Top of Entries supplied
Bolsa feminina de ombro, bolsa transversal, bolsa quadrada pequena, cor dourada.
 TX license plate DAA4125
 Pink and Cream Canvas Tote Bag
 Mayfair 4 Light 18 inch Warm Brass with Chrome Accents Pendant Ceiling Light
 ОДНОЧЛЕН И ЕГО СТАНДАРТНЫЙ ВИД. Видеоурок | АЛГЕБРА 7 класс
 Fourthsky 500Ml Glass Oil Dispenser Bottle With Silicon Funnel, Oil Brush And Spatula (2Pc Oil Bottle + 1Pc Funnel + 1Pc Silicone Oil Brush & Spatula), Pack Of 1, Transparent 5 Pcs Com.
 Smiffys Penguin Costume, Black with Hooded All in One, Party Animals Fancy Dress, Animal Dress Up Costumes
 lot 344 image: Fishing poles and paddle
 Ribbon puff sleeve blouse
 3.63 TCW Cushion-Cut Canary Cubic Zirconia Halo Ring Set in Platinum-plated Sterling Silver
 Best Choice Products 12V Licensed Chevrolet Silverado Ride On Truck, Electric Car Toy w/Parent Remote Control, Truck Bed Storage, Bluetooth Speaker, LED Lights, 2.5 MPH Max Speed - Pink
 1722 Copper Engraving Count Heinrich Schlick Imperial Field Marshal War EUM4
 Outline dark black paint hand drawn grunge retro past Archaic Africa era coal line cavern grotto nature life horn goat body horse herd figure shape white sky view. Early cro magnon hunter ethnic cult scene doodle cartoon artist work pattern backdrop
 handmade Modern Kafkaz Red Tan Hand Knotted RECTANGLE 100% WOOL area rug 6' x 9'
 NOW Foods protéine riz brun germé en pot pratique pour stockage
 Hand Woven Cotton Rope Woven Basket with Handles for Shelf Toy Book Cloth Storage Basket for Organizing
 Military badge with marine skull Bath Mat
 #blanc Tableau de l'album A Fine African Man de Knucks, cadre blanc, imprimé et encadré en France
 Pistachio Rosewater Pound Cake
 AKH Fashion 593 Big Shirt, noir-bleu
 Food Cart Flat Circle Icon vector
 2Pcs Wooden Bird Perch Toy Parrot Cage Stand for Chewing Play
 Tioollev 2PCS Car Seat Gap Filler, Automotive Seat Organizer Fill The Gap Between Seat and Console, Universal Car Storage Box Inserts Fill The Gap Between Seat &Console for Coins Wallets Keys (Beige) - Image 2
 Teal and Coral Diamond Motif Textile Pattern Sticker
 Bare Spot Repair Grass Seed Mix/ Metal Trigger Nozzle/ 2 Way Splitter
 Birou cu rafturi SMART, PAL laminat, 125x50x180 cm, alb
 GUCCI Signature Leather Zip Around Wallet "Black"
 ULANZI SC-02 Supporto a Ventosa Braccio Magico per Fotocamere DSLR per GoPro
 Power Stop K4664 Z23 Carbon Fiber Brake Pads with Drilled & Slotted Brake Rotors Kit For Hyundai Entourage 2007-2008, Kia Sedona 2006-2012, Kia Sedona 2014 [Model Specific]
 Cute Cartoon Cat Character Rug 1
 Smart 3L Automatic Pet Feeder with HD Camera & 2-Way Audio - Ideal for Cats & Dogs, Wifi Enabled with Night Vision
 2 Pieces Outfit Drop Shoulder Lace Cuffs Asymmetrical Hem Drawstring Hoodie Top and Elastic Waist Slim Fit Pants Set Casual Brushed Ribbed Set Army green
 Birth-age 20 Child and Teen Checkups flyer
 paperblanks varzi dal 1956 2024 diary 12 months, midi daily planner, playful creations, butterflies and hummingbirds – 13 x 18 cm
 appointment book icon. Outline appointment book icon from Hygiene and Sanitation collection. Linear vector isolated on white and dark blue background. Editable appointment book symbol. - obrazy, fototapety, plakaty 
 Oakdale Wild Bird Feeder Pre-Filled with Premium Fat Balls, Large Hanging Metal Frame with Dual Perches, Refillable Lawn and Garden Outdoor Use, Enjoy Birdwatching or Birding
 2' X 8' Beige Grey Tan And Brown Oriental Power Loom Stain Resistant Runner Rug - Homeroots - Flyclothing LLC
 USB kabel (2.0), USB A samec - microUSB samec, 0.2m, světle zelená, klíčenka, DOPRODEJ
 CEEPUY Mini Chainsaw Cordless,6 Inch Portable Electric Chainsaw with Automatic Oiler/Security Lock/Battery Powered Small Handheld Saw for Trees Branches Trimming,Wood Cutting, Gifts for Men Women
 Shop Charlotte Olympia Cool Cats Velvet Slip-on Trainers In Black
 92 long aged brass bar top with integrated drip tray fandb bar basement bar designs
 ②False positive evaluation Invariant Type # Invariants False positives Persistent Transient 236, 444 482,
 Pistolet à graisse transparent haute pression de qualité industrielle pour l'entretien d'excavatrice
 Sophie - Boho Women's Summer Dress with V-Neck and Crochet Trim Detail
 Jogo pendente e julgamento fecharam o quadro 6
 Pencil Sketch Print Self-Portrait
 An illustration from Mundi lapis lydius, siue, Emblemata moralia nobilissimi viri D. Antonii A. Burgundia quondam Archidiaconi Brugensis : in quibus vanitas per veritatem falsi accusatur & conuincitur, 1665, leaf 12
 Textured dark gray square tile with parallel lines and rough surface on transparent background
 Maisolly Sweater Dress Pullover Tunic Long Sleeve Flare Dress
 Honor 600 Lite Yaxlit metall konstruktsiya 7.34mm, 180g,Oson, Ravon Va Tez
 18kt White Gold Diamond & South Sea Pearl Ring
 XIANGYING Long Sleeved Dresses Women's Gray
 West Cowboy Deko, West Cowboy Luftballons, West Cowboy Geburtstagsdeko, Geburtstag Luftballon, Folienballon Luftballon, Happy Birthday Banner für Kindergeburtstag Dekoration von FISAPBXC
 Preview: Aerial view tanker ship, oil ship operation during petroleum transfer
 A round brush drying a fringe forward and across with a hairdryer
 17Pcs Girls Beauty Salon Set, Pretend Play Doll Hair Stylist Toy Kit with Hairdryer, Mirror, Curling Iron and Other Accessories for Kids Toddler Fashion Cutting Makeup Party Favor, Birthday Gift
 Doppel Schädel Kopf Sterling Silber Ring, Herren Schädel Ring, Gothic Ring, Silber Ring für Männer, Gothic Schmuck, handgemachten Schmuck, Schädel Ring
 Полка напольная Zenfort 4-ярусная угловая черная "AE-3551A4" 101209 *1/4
Bottom of Entries supplied
> [Instructions to follow]: Say, as a bare number, how many lines in the entries above include the string "Cutting".

> [Response to the exercise]: 2